Os dias no Moș Maria passavam-se arrastados e, a cada minuto, era como se eu deixasse meu corpo um pouco mais. Depois de dois meses eu poderia jurar que era parte da mobília, estava decidida a não participar das atividades – mesmo sabendo que haveriam punições futuras –, nem mesmo queria ir até a cozinha para fazer as refeições. Eu me lembro perfeitamente do dia em que decidi sair daquele lugar.
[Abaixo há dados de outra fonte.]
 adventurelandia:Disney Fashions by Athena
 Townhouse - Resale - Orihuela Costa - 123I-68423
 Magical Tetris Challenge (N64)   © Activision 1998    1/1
A chuva chegou como há muito não fazia e os ruídos dos fortes ventos eram extremamente assustadores do lado de fora, nem mesmo as velas pareciam querer se manter ascendidas. Os raios que marcavam os céus nos ajudavam com a iluminação, Soare pediu para que todas se reunissem no salão principal por precaução – havia um medo em torno das árvores caírem e levarem consigo as paredes do convento (eu agradeceria imensamente). Estava frio naquela noite, eu mal sentia os dedos dos pés que estavam cobertos com uma meia grossa de lã branca e as camas improvisadas em cima dos bancos do salão não eram em si as mais confortáveis, mesmo com os cobertores postos abaixo e acima de meu corpo; eu tremia, rangia os dentes e me assustava com o barulho constante dos trovões. Naquele momento, um pequeno flashback pareou minha mente; desde meu primeiro dia ali, somente uma sensação se mantinha cem por cento presente em todos os momentos: o vazio. Eu era como um jarro sem fundo, que quanto mais se colocava a água, mais se entendia o tamanho do vazio ali presente.
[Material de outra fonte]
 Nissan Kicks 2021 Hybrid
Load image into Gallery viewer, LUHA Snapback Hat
Ileana havia partido, no começo, havia dor e amor mas com o passar do tempo tudo o que me restou foi a raiva e a angústia no coração. Eu virava o corpo trêmulo para os lados, tentando achar uma maneira melhor para me ajeitar, e cansada de toda aquela situação; então me levantei e fui até Cosmina, a freira que estava de vigia naquele período, com os olhos cheios de lágrimas e o coração na garganta, me perguntando até quando eu estaria disposta a aguentar tudo aquilo.
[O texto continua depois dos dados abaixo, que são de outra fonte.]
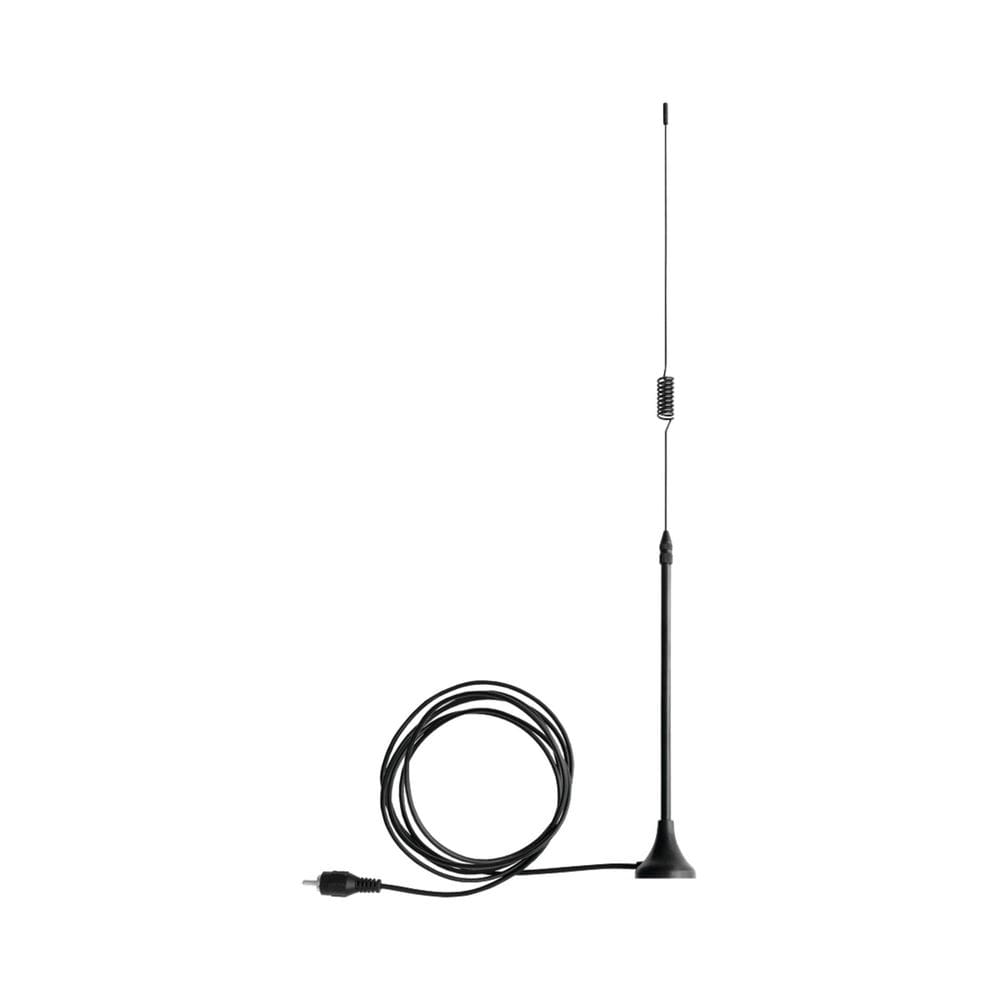 A antena externa Sangean ANT-100 melhora o alcance e a recepção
– Irmã Cosmina, poderia me arranjar outro cobertor? Estou congelando com um só – perguntei olhando para a mulher que tinha os olhos azuis fixos em uma cópia da bíblia em suas mãos. A mesma não esboçou uma mínima reação, seu único gesto foi virar a página e voltar a sua leitura. – Irmã Cosmina? – perguntei em um tom mais alto, me abaixando para ficar em uma altura onde eu poderia ver seus olhos. Sem respostas, levei minha mão esquerda até o ombro dela, que se moveu assustada ao sentir meu toque e passou os olhos por todo o salão, olhando para trás em seguida, como se procurasse a fonte de energia que havia lhe tocado. – Irmã, o que foi? Está tudo bem?
Me custaram dois chamados a mais para constatar que ela estava me ignorando completamente, ou que minhas teorias estavam certas e eu havia me tornado invisível. Agoniada, me movi em direção à Georgeta, que dormia a poucos metros dali. O processo se repetiu enquanto meu rosto começava a ser banhado por lágrimas de desespero, eu a tocava, sacudia e falava alto, sentindo minhas mãos tremerem cada vez mais.
Passei meu olhar pelo salão vendo que, apesar de todo meu espetáculo, ninguém havia se movido. Os raios ainda cortavam o céu e os ventos uivavam, deixando a noite mais assustadora do que ela deveria ser e fazendo com que a adrenalina em meu corpo aumentasse. Eu andei em passos trôpegos até a cama improvisada, passando minhas mãos pelo rosto e tirando os cabelos negros de meu rosto enquanto secava as lágrimas; retirei tudo o que havia colocado ali e caminhei em direção ao meu quarto. Sabendo que teria que passar por um pedaço aberto, me preparei para acelerar os passos, chegando rapidamente no corredor que dava acesso aos quartos. No último degrau da pequena escada, meus pés se enrolaram nos cobertores e lençóis que eu carregava, fazendo com que eu escorregasse e torcesse meu pé esquerdo, batendo a bochecha em uma das grandes esculturas angelicais de mármore que cercavam os corredores. O murmúrio soltado por mim fora abafado pelo uivo dos ventos e, depois de um minuto me acostumando com a dor e com a imensa tontura, eu me levantei, mancando até o dormitório, soltando um longo suspiro quando consegui chegar até minha cama.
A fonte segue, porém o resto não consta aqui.